(EXERCISE BRIEF)
Transcribe only what runs from the line containing "419 Cypress St, Sulphur, LA 70663" through the end of the listing, line for line and exactly, and omit the pictures.
*** DATA TO PROCESS ***
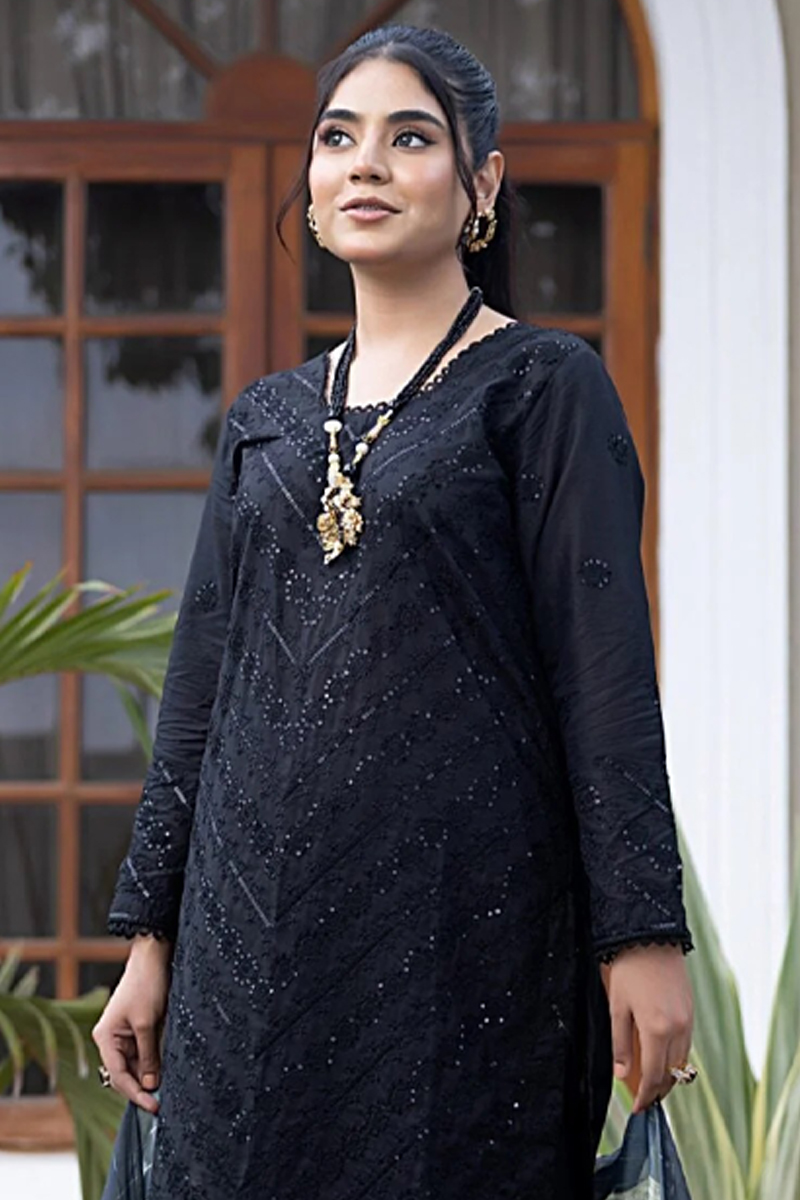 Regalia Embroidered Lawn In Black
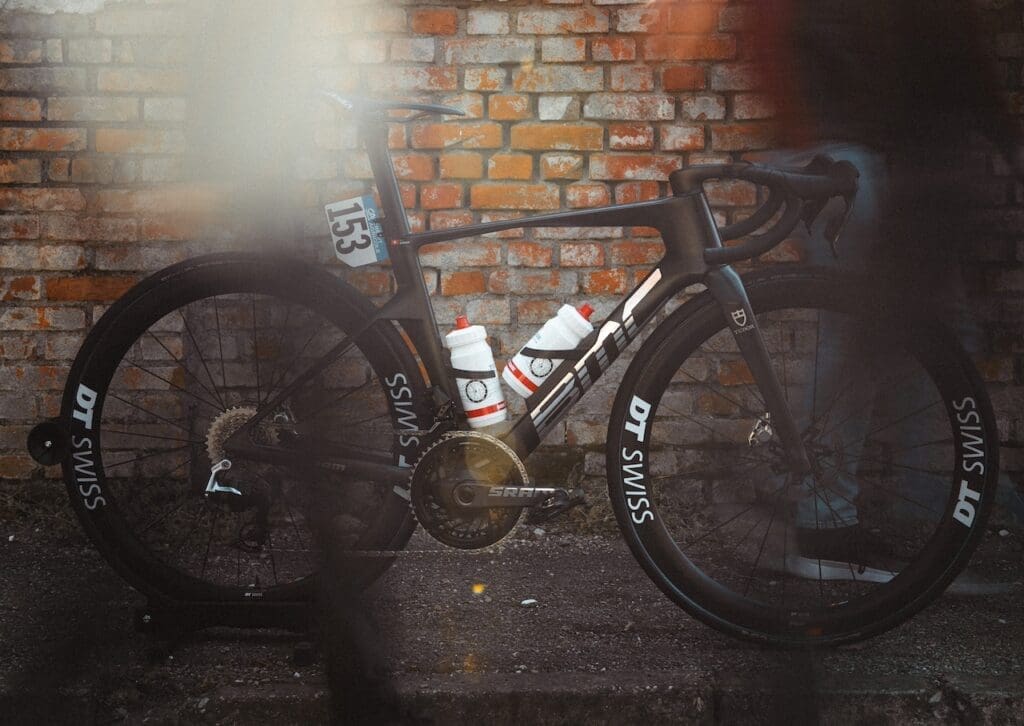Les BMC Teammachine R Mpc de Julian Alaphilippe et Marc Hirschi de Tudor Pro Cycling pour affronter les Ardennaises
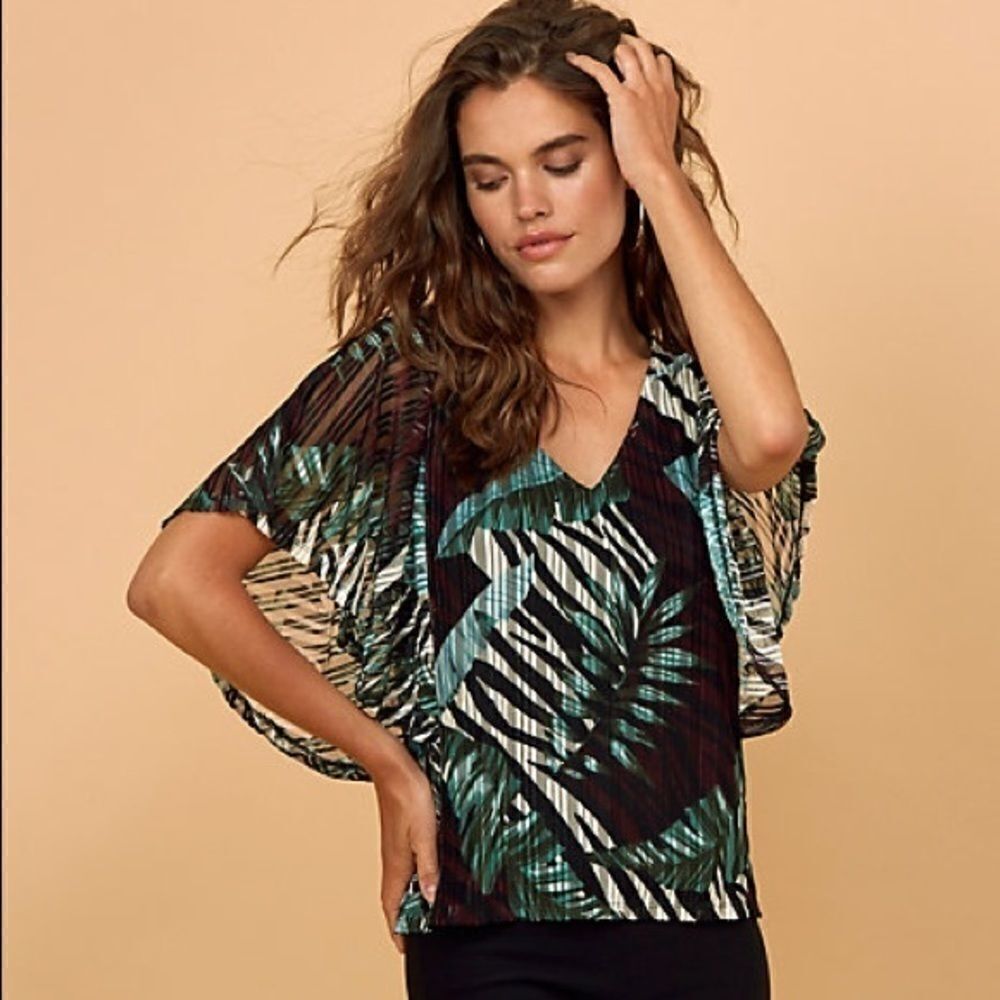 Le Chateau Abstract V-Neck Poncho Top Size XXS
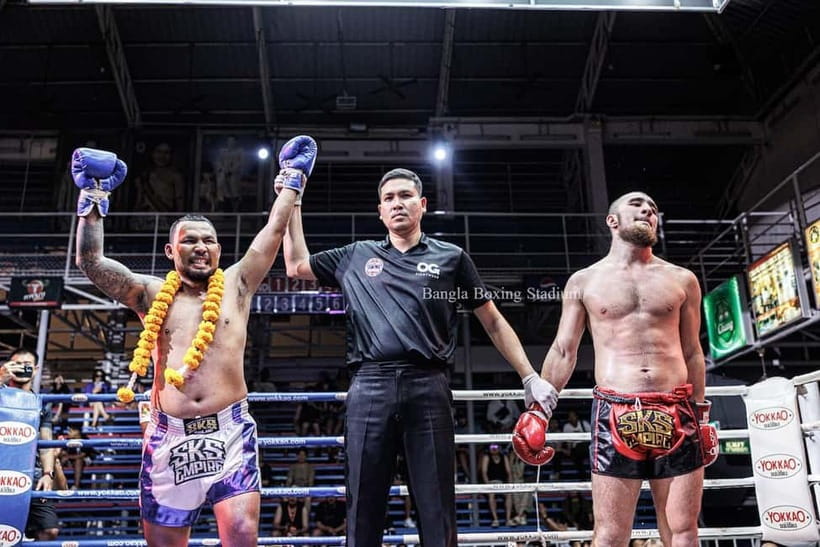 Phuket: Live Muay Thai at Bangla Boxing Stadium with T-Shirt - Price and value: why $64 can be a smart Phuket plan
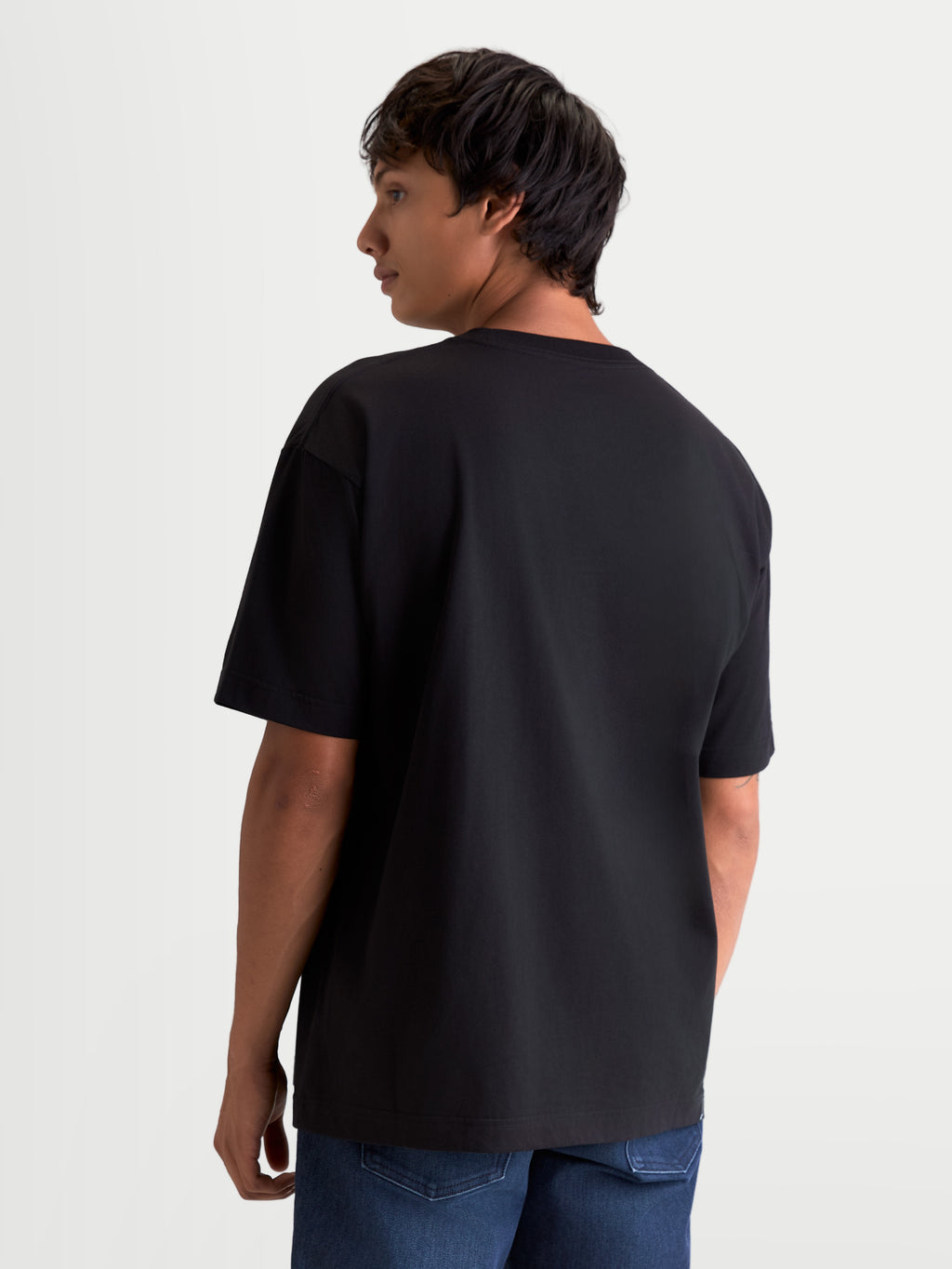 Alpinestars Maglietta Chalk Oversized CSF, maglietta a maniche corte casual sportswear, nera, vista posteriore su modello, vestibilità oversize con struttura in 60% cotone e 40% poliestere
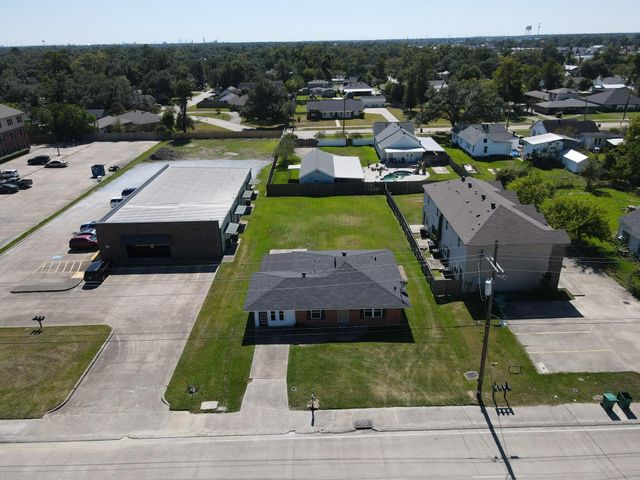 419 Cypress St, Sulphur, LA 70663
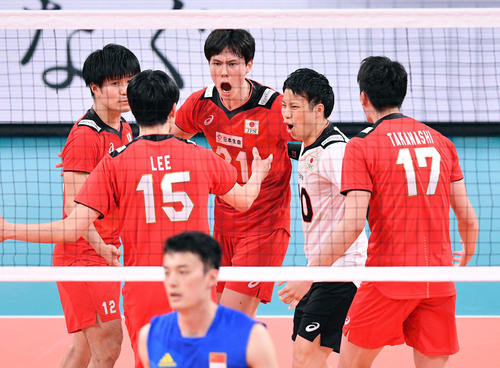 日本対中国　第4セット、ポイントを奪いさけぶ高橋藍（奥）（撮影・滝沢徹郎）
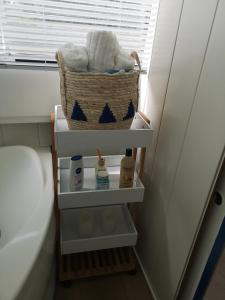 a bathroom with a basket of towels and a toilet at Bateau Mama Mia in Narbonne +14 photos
*** End of DATA TO PROCESS ***
(YOUR SOLUTION)
 419 Cypress St, Sulphur, LA 70663
 日本対中国　第4セット、ポイントを奪いさけぶ高橋藍（奥）（撮影・滝沢徹郎）
 a bathroom with a basket of towels and a toilet at Bateau Mama Mia in Narbonne +14 photos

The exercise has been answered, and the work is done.